All of the data that follows is to be printed exactly, without pictures.

Material provided section start

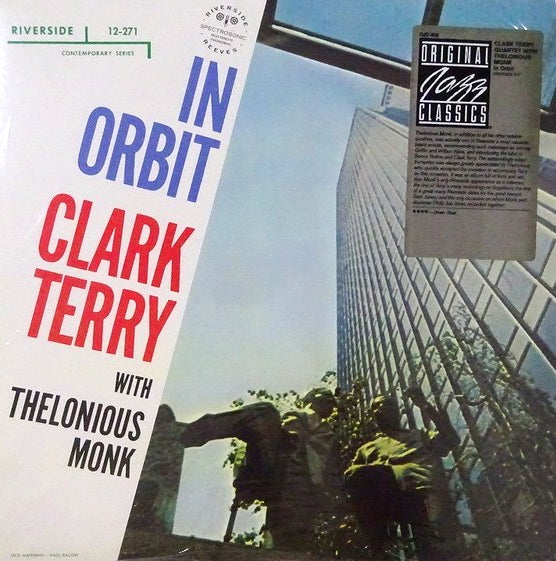 Clark Terry With Thelonious Monk – In Orbit, US Original Jazz Classics – OJC-302 Vinyl LP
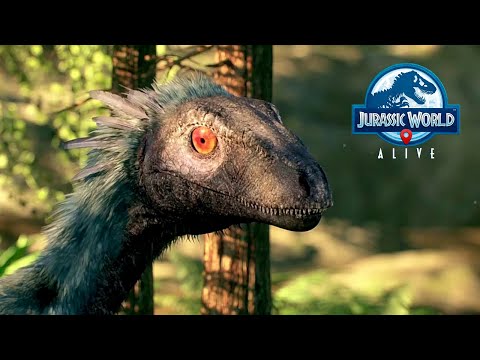 Видео: Троодон Глиптодон Горгонопс новые существа Jurassic World Alive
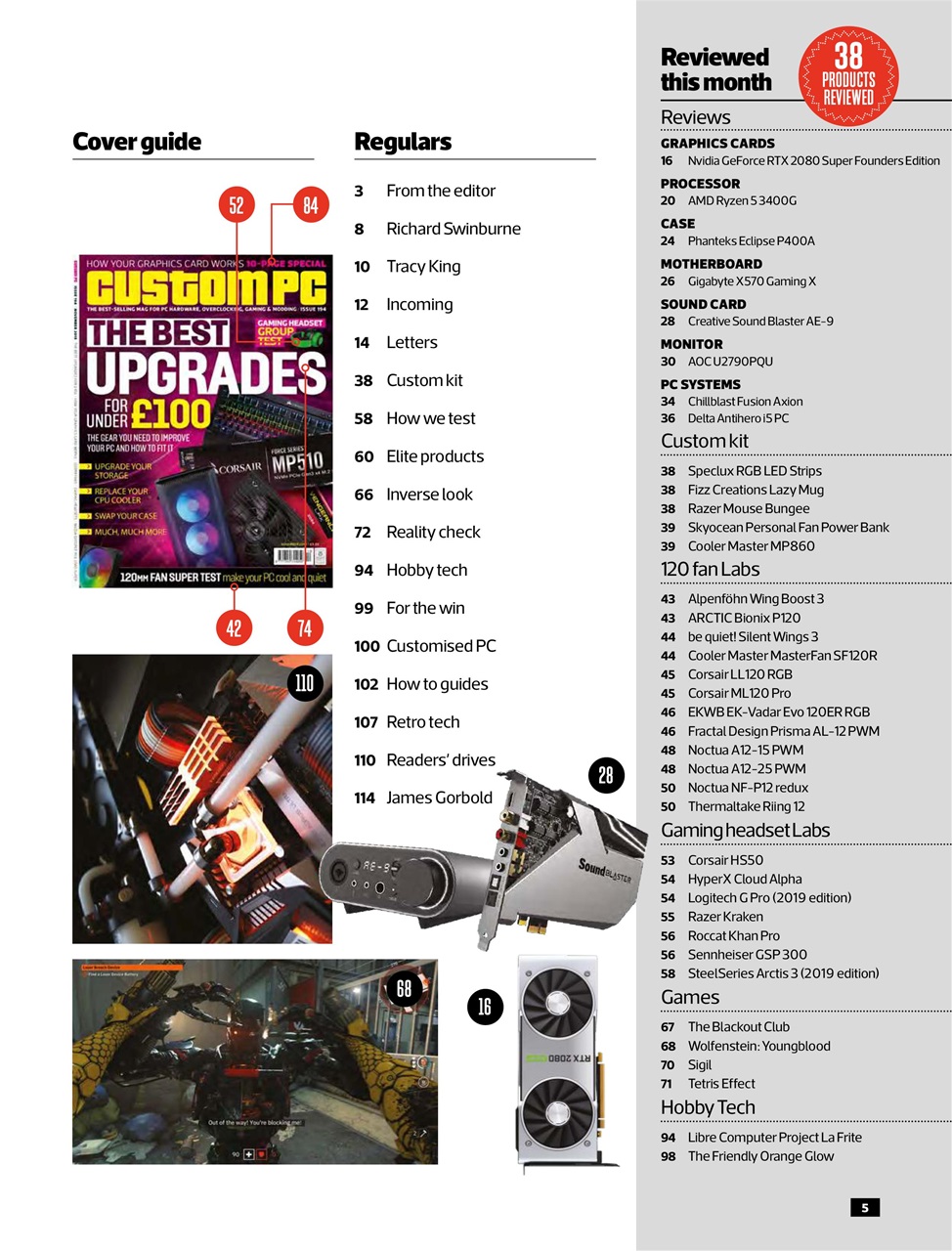 Custom PC UK Preview Pages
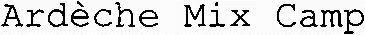 Ardèche Mix Camp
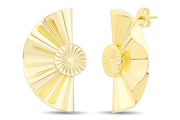 14ct Felicity Design Gold Earrings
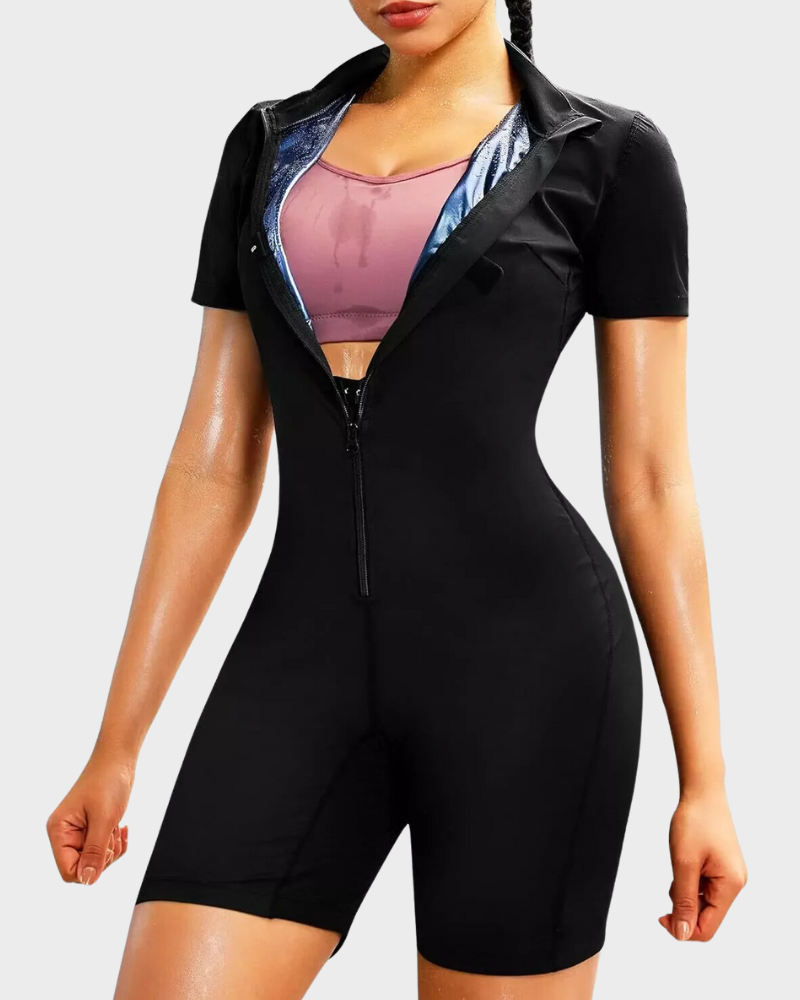 Trajes de Sauna Moldeadores de Cuerpo Completo para Damas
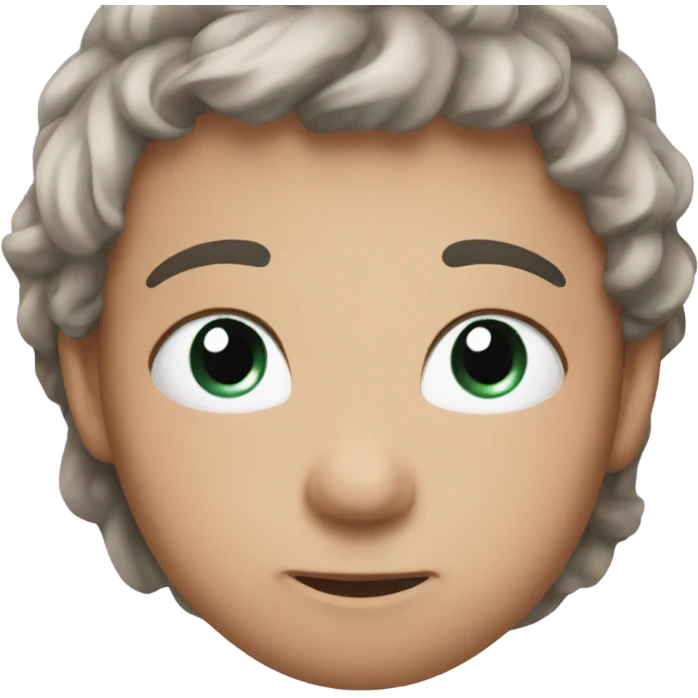 blushing emoji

Material provided section end

Output for this exercise
 Clark Terry With Thelonious Monk – In Orbit, US Original Jazz Classics – OJC-302 Vinyl LP
 Видео: Троодон Глиптодон Горгонопс новые существа Jurassic World Alive
 Custom PC UK Preview Pages
 Ardèche Mix Camp
 14ct Felicity Design Gold Earrings
 Trajes de Sauna Moldeadores de Cuerpo Completo para Damas
 blushing emoji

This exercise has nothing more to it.